Adding `Freezable` wrapper for models by pebeto · Pull Request #1048 · JuliaAI/MLJBase.jl

pebeto · 2026-04-16T20:15:46Z

This PR implements the Freezable model wrapper (#1016) following the TransformedTargetModel pattern.

Four mutable structs via metaprogramming (FreezableDeterministic, FreezableProbabilistic, FreezableInterval, FreezableUnsupervised), each subtyping the corresponding NetworkComposite
Freezable(model; frozen=true, cache=true) constructor that dispatches on the model's abstract supertype
prefit methods for supervised (returns predict/transform nodes) and unsupervised (returns transform/inverse_transform nodes) models
Custom fit override: initial training always proceeds, then freezes the inner machine if frozen=true
Custom update override: synchronizes freeze!/thaw! on the inner machine before delegating to standard NetworkComposite logic
Custom fit! override on Machine{<:SomeFreezable}: synchronizes the outer machine's frozen flag so fit_only! skips when frozen=true and state > 0
freeze!/thaw! overloads for SomeFreezable models, consistent with the existing machine-level API
Trait delegation for MLJ model traits via metaprogramming

ablaom · 2026-04-27T23:35:46Z

Started a review and playing around with the example. Very cool.

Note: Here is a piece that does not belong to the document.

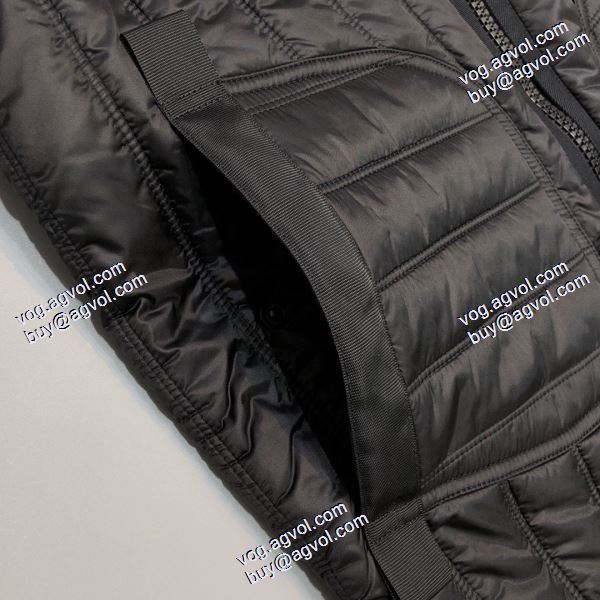 防風防寒保温 ◆モデル愛用◆ モンクレール MONCLER モンクレール偽物ブランド 2020FW ダウンジャケット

I think the current behaviour, where warnings are issued when you attempt to train a frozen machine, could get annoying. (For me this never came up before, for the machine-level freeze!/thaw! never seemed that convenient.)

julia> fit!(mach, rows=1:50, verbosity=0)
┌ Warning: machine(FreezableDeterministic(model = DecisionTreeRegressor(max_depth = -1, …), …), …) not trained as it is frozen.
└ @ MLJBase ~/MLJ/MLJBase/src/machines.jl:497
trained Machine; does not cache data
  model: FreezableDeterministic(model = DecisionTreeRegressor(max_depth = -1, …), …)
  args: 
    1:  Source @444 ⏎ Table{AbstractVector{Continuous}}
    2:  Source @672 ⏎ AbstractVector{Continuous}

To freeze a machine requires intervention, so I would now regard this as deserving only of @info, like the other training logging. Like those, the logging should disappear when verbosity <= 0. I'd be happy to change this. What do you think?

The relevant code to update is here

edit This might break some tests of logging, but I wouldn't view this a breaking.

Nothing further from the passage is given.